BEGIN

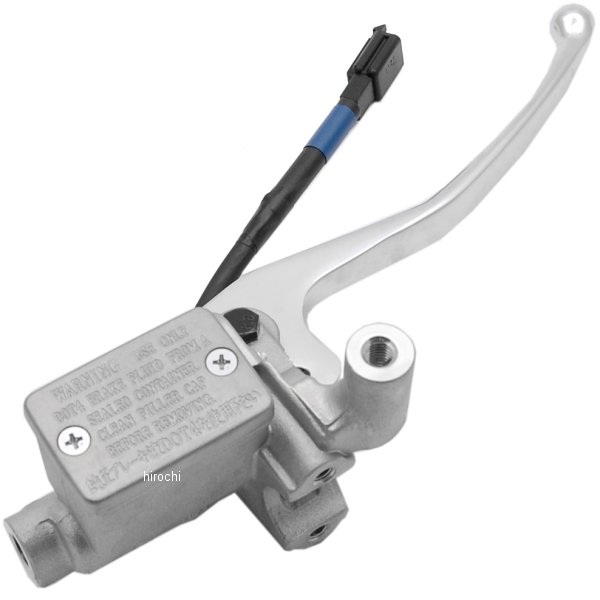 マスターシリンダサブアセンブリ 1CJ-F5870-10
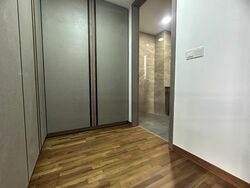 Kent Ridge Hill Residences (D5), Apartment #461305761
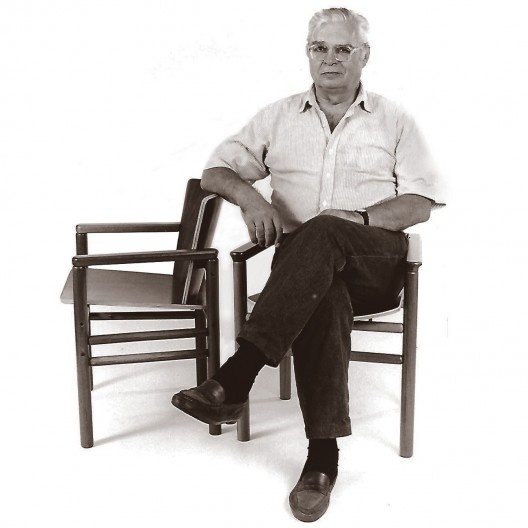 O heróico Arnoult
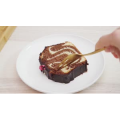 烘焙糕点141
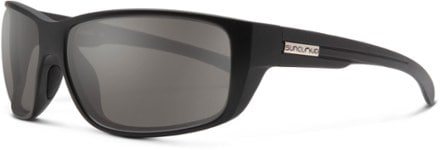 Suncloud Milestone Polarized Sunglasses 0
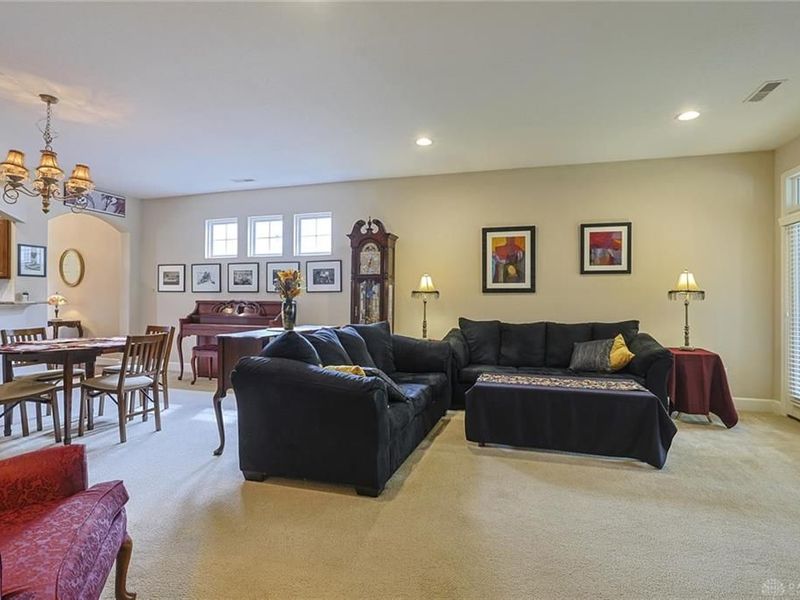 1301 Blackhorse Run, Lebanon, OH 45036 Photo 7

END

• Problem to work on: Every line above should be reproduced exactly, please, with no pictures included.

• Solution below:
 マスターシリンダサブアセンブリ 1CJ-F5870-10
 Kent Ridge Hill Residences (D5), Apartment #461305761
 O heróico Arnoult
 烘焙糕点141
 Suncloud Milestone Polarized Sunglasses 0
 1301 Blackhorse Run, Lebanon, OH 45036 Photo 7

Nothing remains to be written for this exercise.